Roche announced new long-term data that reinforce the benefit of early initiation and ongoing treatment of Ocrevus (ocrelizumab) on disability progression in relapsing multiple sclerosis (RMS) and primary progressive MS (PPMS), as well as safety outcomes for analysis of shorter 2-hour infusion in minority populations. Ocrevus data from all clinical trials consistently show a favourable benefit-risk profile over eight years.

“Many neurologists have had first-hand experience with Ocrevus over eight years in clinical trials and witnessed the consistently favourable efficacy and safety outcomes in RMS and PPMS, especially the reductions in progression to disability when given early in the disease,” said Levi Garraway, M.D., Ph.D. Roche's Chief Medical Officer and Head of Global Product Development. “Additionally, the new safety analysis of the shorter two-hour Ocrevus infusion is encouraging particularly for groups that are often underrepresented in clinical trials. We continue our commitment to diversity and health equity in clinical trial participation and access to treatment.”
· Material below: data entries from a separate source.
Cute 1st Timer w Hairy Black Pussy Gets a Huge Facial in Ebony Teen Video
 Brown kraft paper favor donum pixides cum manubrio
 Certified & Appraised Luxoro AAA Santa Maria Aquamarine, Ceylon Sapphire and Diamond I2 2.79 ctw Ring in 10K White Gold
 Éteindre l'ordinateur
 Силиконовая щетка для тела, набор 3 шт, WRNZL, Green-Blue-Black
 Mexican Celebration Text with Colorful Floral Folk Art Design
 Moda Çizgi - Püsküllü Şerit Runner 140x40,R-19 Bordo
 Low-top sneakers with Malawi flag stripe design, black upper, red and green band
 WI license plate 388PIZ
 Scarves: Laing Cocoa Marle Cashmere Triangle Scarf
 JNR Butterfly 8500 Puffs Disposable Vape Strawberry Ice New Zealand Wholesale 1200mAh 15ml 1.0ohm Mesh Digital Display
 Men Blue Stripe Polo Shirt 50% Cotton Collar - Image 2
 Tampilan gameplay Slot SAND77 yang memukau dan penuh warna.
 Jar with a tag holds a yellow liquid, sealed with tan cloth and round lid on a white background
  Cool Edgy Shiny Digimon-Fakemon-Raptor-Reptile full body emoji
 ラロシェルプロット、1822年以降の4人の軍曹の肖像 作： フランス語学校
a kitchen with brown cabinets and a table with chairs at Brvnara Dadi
Long-term Ocrevus treatment continues to demonstrate a sustained reduction in disability progression and suppression of disease activity in people with RMS. Earlier intervention with Ocrevus resulted in a 35% reduction in the risk of patients with RMS needing a walking aid over seven and a half years compared with patients who switched from interferon beta-1a to Ocrevus after the 96-week double-blind period (5.2% vs 7.0%, respectively; 95% CI: 0.65 [0.44–0.97]; p=0.034). The risk was measured by the length of time until a person reached a score on the Expanded Disability Status Scale of 6 or greater (EDSS≥6) that was sustained for at least 48 weeks in a post-hoc analysis. Data also showed that switching from interferon beta-1a to Ocrevus at the start of the OLE period was associated with a rapid and robust reduction in annualised relapse rate (ARR) that was maintained through the 5.5-year OLE period. ARR was 0.2 pre-switch, 0.1 after 1 year of Ocrevus treatment and 0.03 after 5.5 years of Ocrevus treatment in the OLE. Ocrevus continuers maintained a low ARR of 0.03 after 7.5 years of Ocrevus treatment.

The drug is approved in 97 countries across North America, South America, the Middle East, Eastern Europe, as well as in Australia, Switzerland, the United Kingdom and the EU.